On February 17, 2016, Burt Odelson argued before the 8-member bipartisan State Board of Elections who unanimously found that a complaint filed against Kim Foxx was filed with good cause. The Board voted 8-0 to find that Kim Foxx violated the Illinois Election Code at least 3 times by failing to disclose a $25,000 in-kind contribution. Foxx filed her campaign statement of organization on June 3, 2015, when it should have been filed on February 3, 2015, when she received $25,000 in-kind contribution for a poll to test her viability as a candidate. That is a violation of section 5/9-3 of the state statutes. The fine that is called for in the law is $50.00 per business day, or a maximum of $5,000.
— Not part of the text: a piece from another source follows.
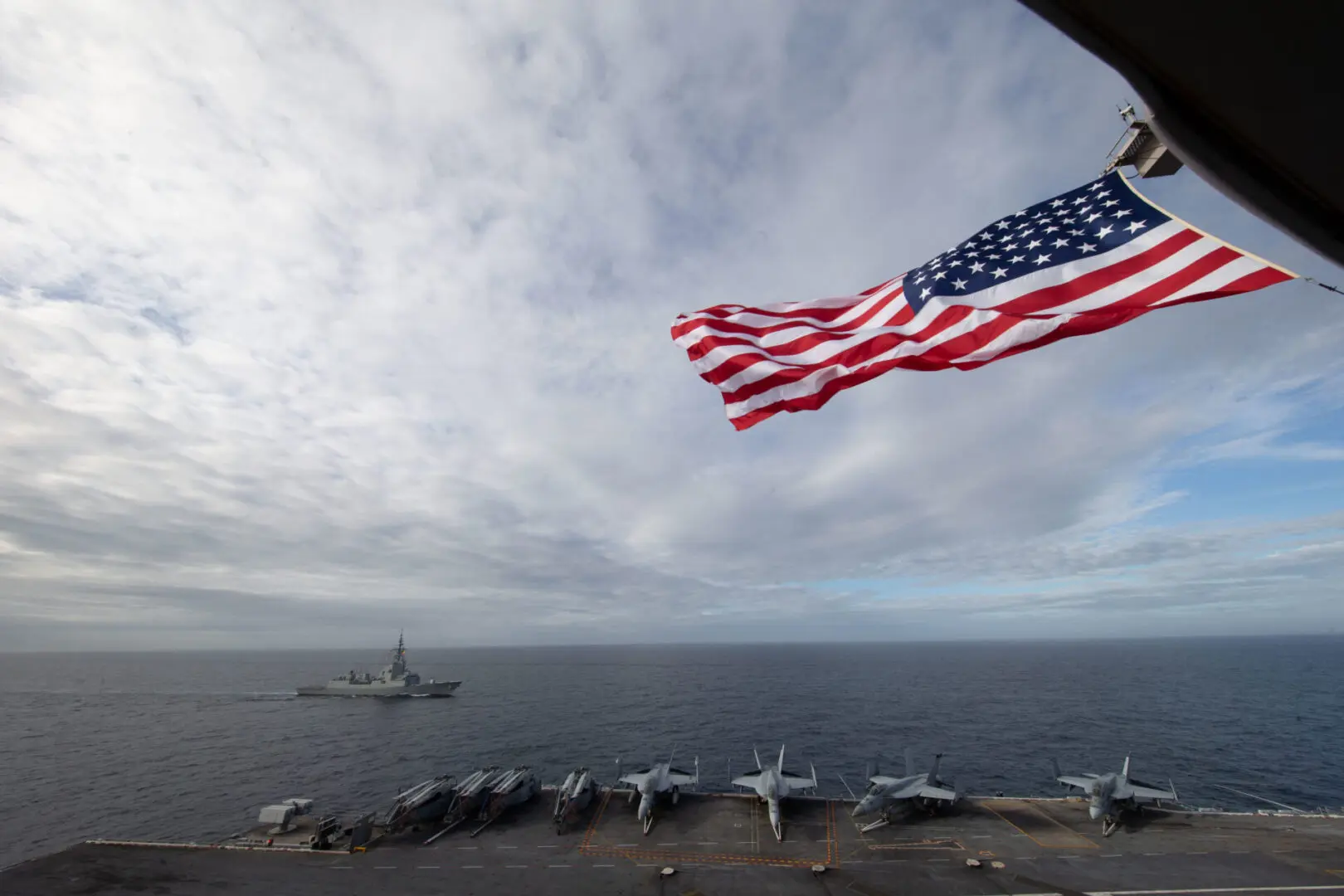 ATLANTIC OCEAN (Oct. 25, 2022) The first-in-class aircraft carrier USS Gerald R. Ford (CVN 78) flies the holiday American Flag while steaming in formation with Spanish Armada frigate Álvaro de Bazán (F 101), Oct. 25, 2022. The Gerald R. Ford Carrier Strike Group (GRFCSG) is deployed in the Atlantic Ocean, conducting training and operations alongside NATO Allies and partners to enhance integration for future operations and demonstrate the U.S. Navy’s commitment to a peaceful, stable and conflict-free Atlantic region. (U.S. Navy photo by Mass Communication Specialist 2nd Class Zack Guth)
Further, Foxx violated section 5/9-10 of the Election Code by not filing an A-1 disclosure report within 5 business days of receiving the benefit of the contribution on February 3, 2015. The A-1 report is required to be filed with the State Board of Elections if a contribution of $1,000 or more is made to a candidate. The $25,000 for the poll the Board found is an “in-kind” contribution to Foxx. Since the date of payment was February 3, 2015, non-disclosure is a “continuing” violation, which the Board “shall” assess a civil penalty. The penalty could be as high as 150% of the total amount of the contribution (150% of $25,000 = $37,500); but in no event, less than 10% of the amount not reported, or $2,500.
The Board also unanimously found Foxx violated sections 5/9-10 and 5/9-11 of state law, which requires candidates to file quarterly reports of all campaign contributions and expenditures. Foxx failed to file a complete and accurate quarterly report by April 15, 2015. The civil fines set forth in the statutes call for a maximum of $5,000 for each report not filed.
The Board ordered Foxx to file the required reports by 5:00 p.m. on February 29, 2016, and the staff review the filings for the imposition of all applicable civil penalty assessments.